[Urgent Help Needed] Will Dropping a 12TB Table in Production Environment TIDB Affect Business Operations?

Note:
This topic has been translated from a Chinese forum by GPT and might contain errors.

Original topic: 【紧急求助】生产环境 TIDB DROP删除一个12T的大表对业务有没有影响?

| username: 苏半生Su

[TiDB Usage Environment] Production Environment
[TiDB Version] 5.4
Will dropping a 12T large table affect the business?
Is there a way to drop large tables using hard links similar to MySQL?

| username: TiDBer_小阿飞 | Original post link

There will definitely be an impact because of the GC mechanism and MVCC.

If you need to delete a large number of rows (tens of thousands or more), it is recommended to use an iterative approach, deleting only a portion of the data each time until the deletion is complete. This is because TiDB has a single transaction size limit of txn-total-size-limit (default is 100MB). You can use a loop in your program or script to accomplish this.

| username: 像风一样的男子 | Original post link

Deleting 12TB of data, are you crazy? Doing this will cause significant database fluctuations.

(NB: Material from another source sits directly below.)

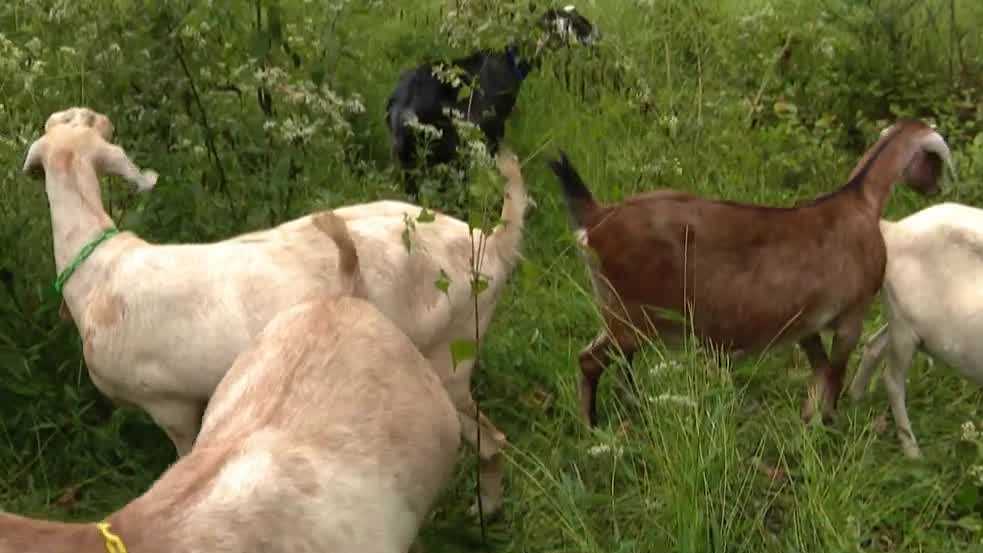 Goats clear invasive plants at Frick Park to make room for native trees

| username: h5n1 | Original post link

The drop operation will clean up SST files after reaching the GC time, which may cause some IO. After that, there will be a large number of empty regions, and PD will schedule region merges, consuming some resources. The overall impact is not significant.

| username: 像风一样的男子 | Original post link

Theoretically, it has no impact. It is recommended to drop during off-peak business hours.

| username: 路在何chu | Original post link

He is drop

| username: TiDBer_小阿飞 | Original post link

If you need to delete all data in a table, do not use the DELETE statement; instead, you should use the TRUNCATE statement.

| username: 像风一样的男子 | Original post link

I agree with the suggestion from the previous post to delete it.

| username: 扬仔_tidb | Original post link

Things that must be done, must be done. Execute during off-peak hours. However, performing GC on TiKV will have a performance impact.

| username: 路在何chu | Original post link

There should be a difference between tidb.drop and truncate, right?

| username: TiDBer_小阿飞 | Original post link

Isn’t there also non-transactional DML? :joy:

| username: 随缘天空 | Original post link

It is not recommended to perform such a large operation at once. You can set up a timer to delete asynchronously with multiple threads at a fixed time every day at midnight. Once the data volume decreases, then execute the truncate table operation.

| username: 随缘天空 | Original post link

There should be an impact. Deleting tables and the data within them requires CPU and memory resources after all.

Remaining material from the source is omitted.